* Exercise objective *
Taking the listing below, restate word for word each line from the line with "원홍3호 방울 토마토" to the line with "K3 - NEU - SONNIG", ends included, and stop there.

* Supplied records *
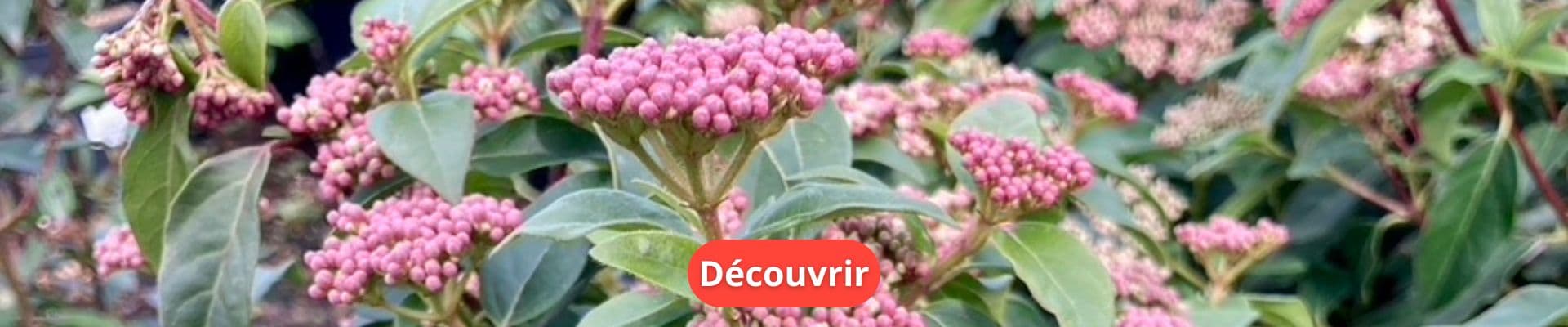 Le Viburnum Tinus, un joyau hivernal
--
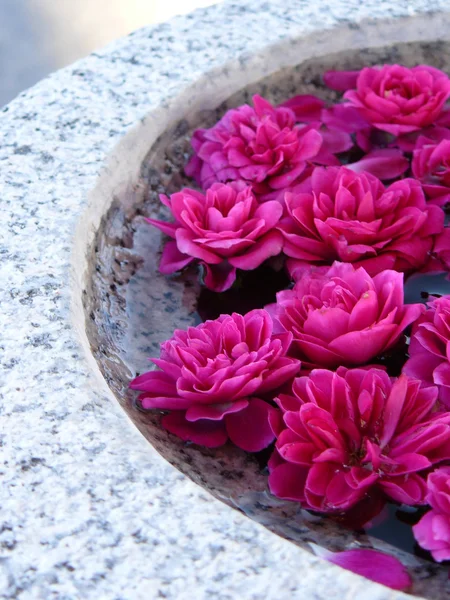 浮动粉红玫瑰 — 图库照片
==
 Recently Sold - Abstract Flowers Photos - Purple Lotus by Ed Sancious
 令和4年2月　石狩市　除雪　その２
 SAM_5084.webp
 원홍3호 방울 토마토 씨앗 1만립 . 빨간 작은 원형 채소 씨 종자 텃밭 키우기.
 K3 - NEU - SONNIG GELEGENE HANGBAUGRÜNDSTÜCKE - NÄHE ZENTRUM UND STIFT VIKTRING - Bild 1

* Exercise output *
 원홍3호 방울 토마토 씨앗 1만립 . 빨간 작은 원형 채소 씨 종자 텃밭 키우기.
 K3 - NEU - SONNIG GELEGENE HANGBAUGRÜNDSTÜCKE - NÄHE ZENTRUM UND STIFT VIKTRING - Bild 1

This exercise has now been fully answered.